La visione che la poliploidia fornisce una barriera riproduttiva “istantanea” tra le specie si basa in gran parte sul presupposto che gli incroci tra diploidi e tetraploidi generino triploidi infertili (il “blocco triploide”). Avere tre serie di cromosomi riduce la fertilità, perché la meiosi fallisce in assenza di cromosomi accoppiati o procede ma porta a gameti senza un set completo di cromosomi (“aneuploidia”; Figura 2 (b)). Tuttavia, questa visione è ora considerata troppo assoluta: gli ibridi inter-ploidy non devono essere completamente sterili e, anche se lo sono, altre vie possono consentire il flusso genico tra popolazioni di diversi livelli di ploidy (Soltis e Soltis, 1989).
Infatti, piuttosto che causare un blocco, i triploidi possono fornire un’importante connessione genetica tra diversi livelli di ploidia – un “ponte triploide” – in particolare nelle prime fasi in cui una nuova popolazione tetraploide sta stabilendo per la prima volta (Bever e Felber, 1992; Husband, 2004; Rieseberg e Willis, 2007).
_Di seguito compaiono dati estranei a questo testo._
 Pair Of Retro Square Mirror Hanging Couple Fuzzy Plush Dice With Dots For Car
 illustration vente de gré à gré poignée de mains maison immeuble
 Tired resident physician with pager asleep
I triploidi possono facilitare lo stabilimento tetraploide producendo occasionalmente gameti non ridotti (triploidi) che fecondano un normale gamete aploide per produrre un nuovo individuo tetraploide o producendo gameti parzialmente ridotti (ad esempio, diploidi) che possono combinarsi con un gamete diploide prodotto da un tetraploide – in entrambi i casi, il materiale genetico può fluire verso la popolazione tetraploide, riducendo il suo isolamento riproduttivo. Un numero crescente di studi empirici ha documentato il flusso genico tra i livelli di ploidia, incluso il flusso genico dai diploidi sia agli auto-che agli allopoliploidi (Slotte et al., 2008; Parisod et al., 2010b).
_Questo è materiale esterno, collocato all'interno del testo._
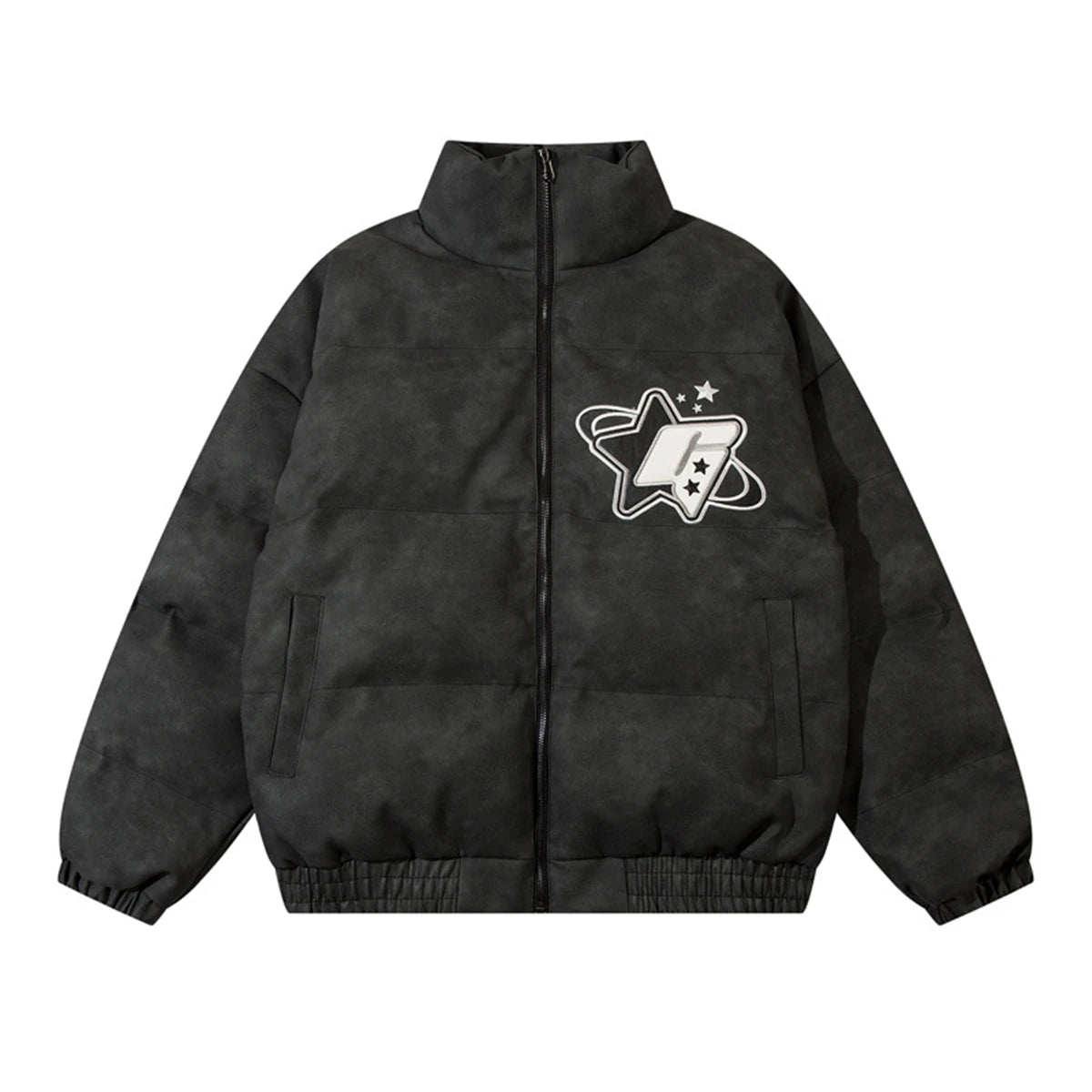 Men PU Leather Warm Jacket Winter Vintage Waterproof Parkas Embroidery Letter Thick Padded Coat Streetwear Hip Hop Loose Parka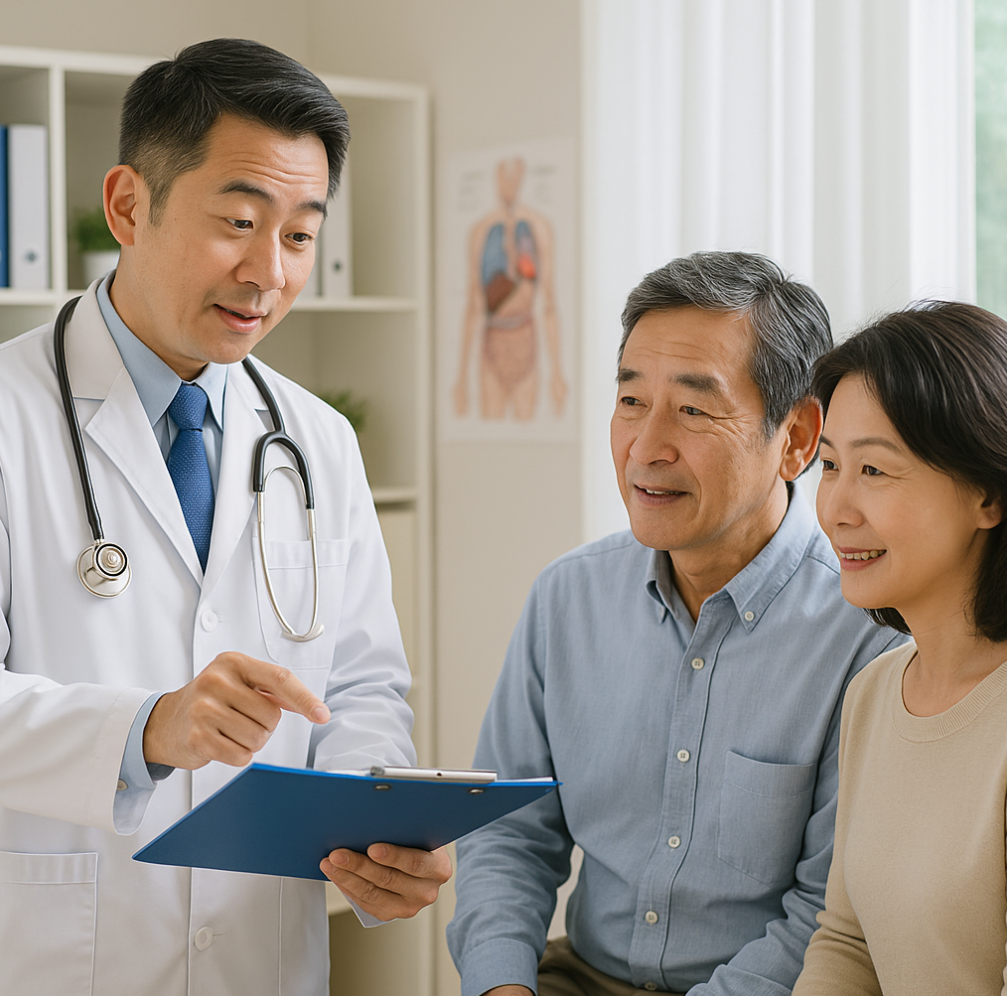 건강검진 준비하는 중년 부부 사진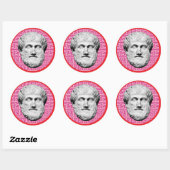 Sticker Rond Aristote philosophe grec (Feuille)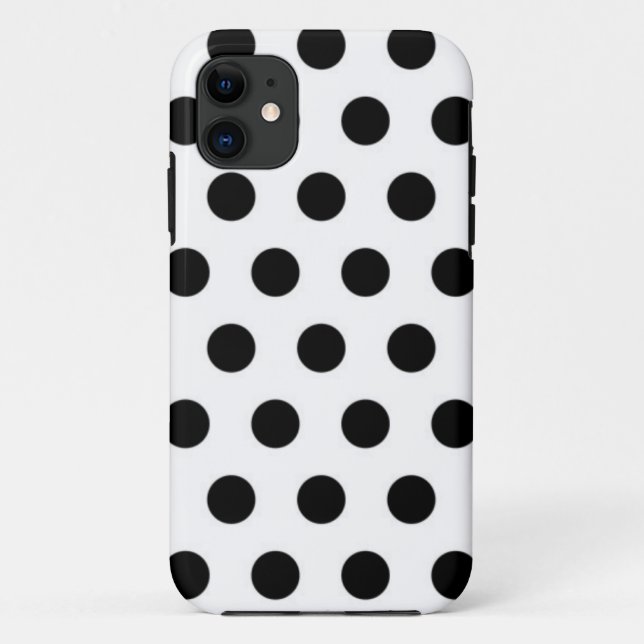 Black polka Dots On White Background Case-Mate iPhone Case (Back)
Naturalmente, anche se l’isolamento riproduttivo è inizialmente incompleto, la selezione su nuove popolazioni poliploidi favorirà barriere riproduttive più forti per evitare la produzione di prole triploide sterile (o parzialmente sterile). Questo processo-selezione che favorisce l’evoluzione di maggiori gradi di isolamento riproduttivo per evitare di sprecare gameti su ibridi a bassa idoneità-è indicato come rinforzo e dovrebbe essere particolarmente rilevante per la creazione di nuovi poliploidi, che potrebbero altrimenti riprodursi ripetutamente con il loro progenitore diploide fino all’estinzione (‘esclusione del citotipo minoritario’; Levin, 1975; Butlin, 1987).
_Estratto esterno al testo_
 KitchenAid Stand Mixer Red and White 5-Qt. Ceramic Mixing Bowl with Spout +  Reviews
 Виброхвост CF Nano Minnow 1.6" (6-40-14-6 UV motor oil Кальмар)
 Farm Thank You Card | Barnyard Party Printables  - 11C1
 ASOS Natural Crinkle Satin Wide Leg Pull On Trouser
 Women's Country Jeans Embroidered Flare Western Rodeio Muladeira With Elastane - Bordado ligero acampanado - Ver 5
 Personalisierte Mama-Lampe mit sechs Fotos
Mentre la discussione di cui sopra considera l’isolamento riproduttivo tra un poliploide e i suoi progenitori diploidi, un’altra considerazione è come i poliploidi – in particolare gli allopoliploidi – influenzano il flusso genico tra le due specie diploidi parentali. Il ponte triploide, ad esempio, potrebbe consentire l’introgressione (tramite il poliploide) di geni tra due specie parentali che sono altrimenti geneticamente isolate. Il contrario è anche possibile, tuttavia, se gli ibridi poliploidi sostituiscono ibridi diploidi inter-fertili nei punti di contatto tra due specie e riducono il flusso genico tra di loro (ad es., attraverso una maggiore rottura meiotica in progenie triploide). Entrambi questi risultati sono teoricamente possibili, ma se gli allopoliploidi tendono a facilitare o ostacolare la divergenza tra le specie diploidi parentali è un’interessante questione aperta.